• _Task requirements_: Reproduce the lines below exactly, from the one containing "Photo #5: 6206291 Listing" through the one containing "Inaugurao busto Marcerlinho Carioca", both included. Leave out any pictures.

• _Source material_:
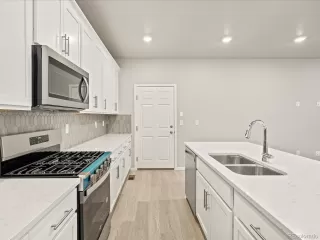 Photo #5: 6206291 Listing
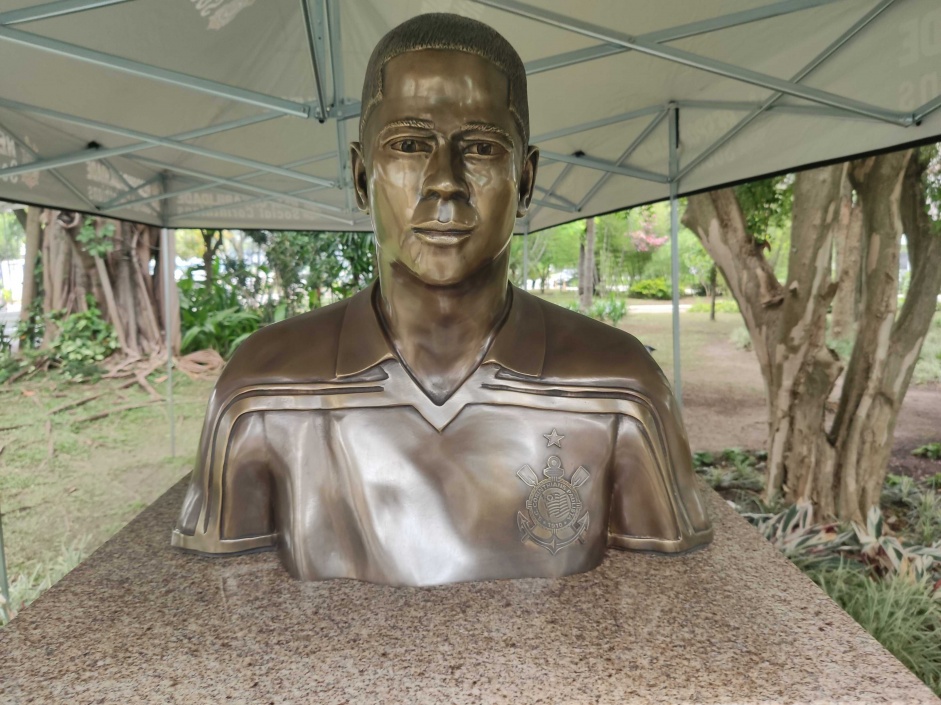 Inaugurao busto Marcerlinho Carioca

==

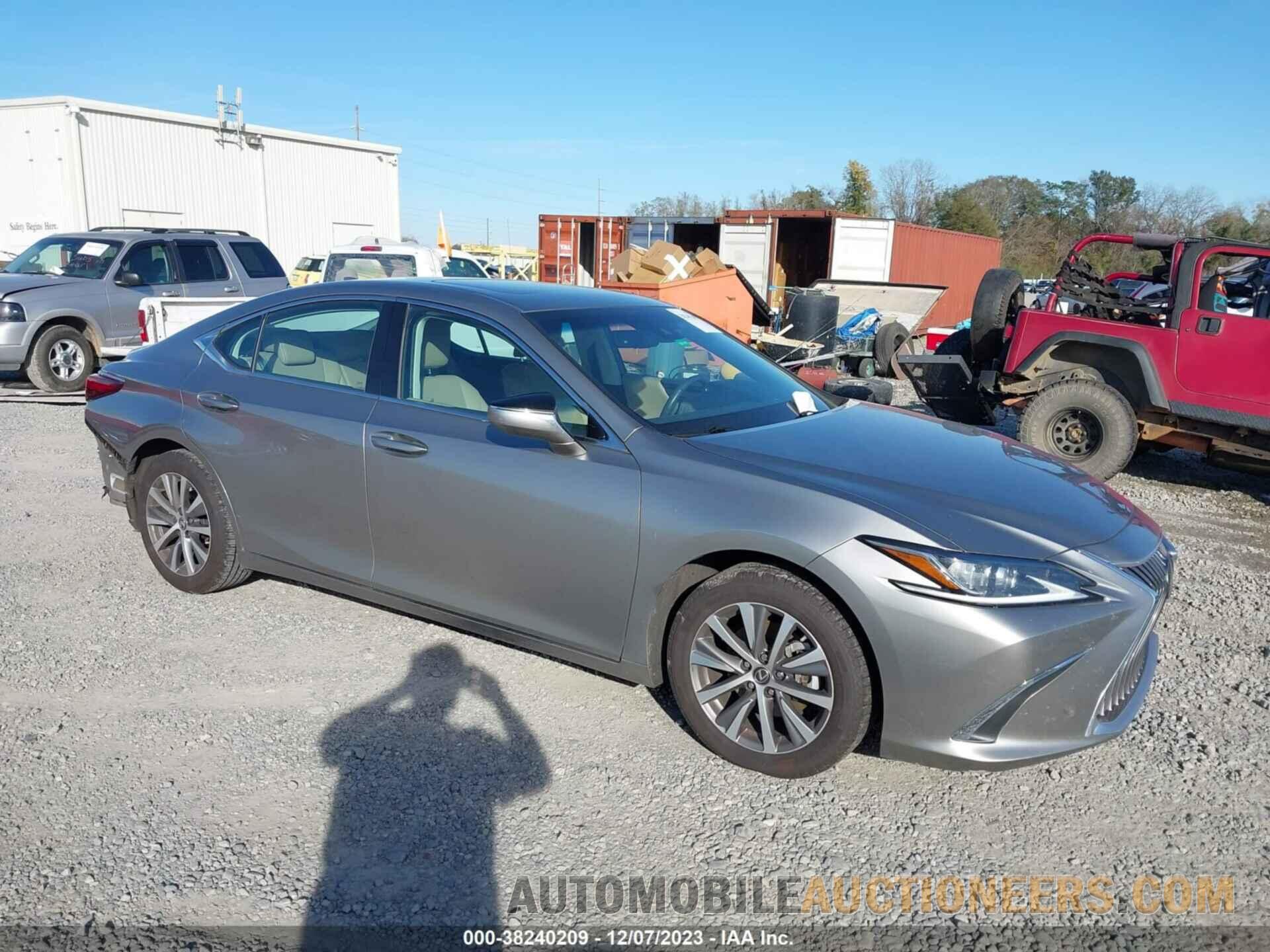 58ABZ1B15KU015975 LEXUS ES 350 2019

==

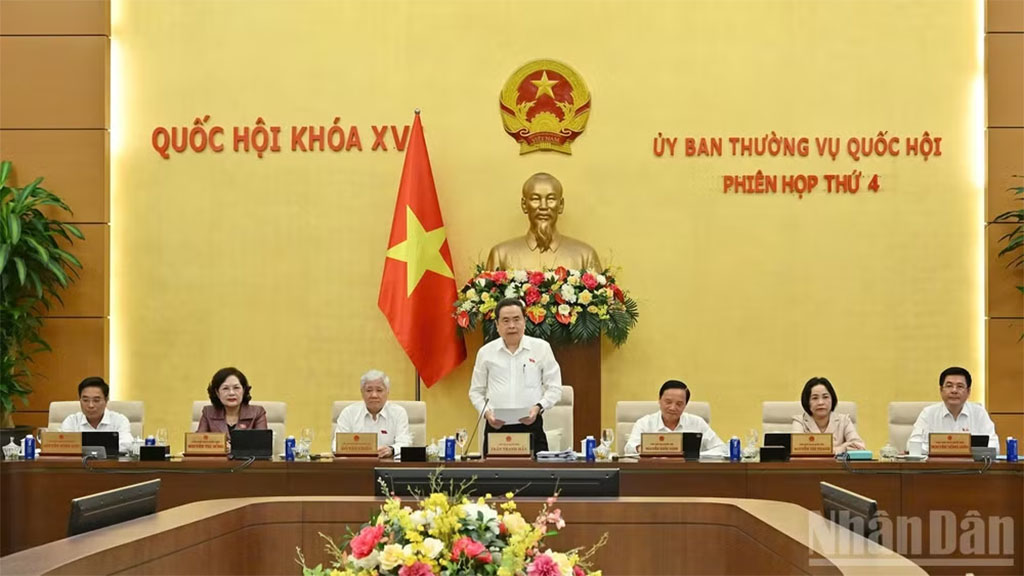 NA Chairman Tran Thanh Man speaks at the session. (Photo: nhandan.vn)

• _Your response_:
 Photo #5: 6206291 Listing
 Inaugurao busto Marcerlinho Carioca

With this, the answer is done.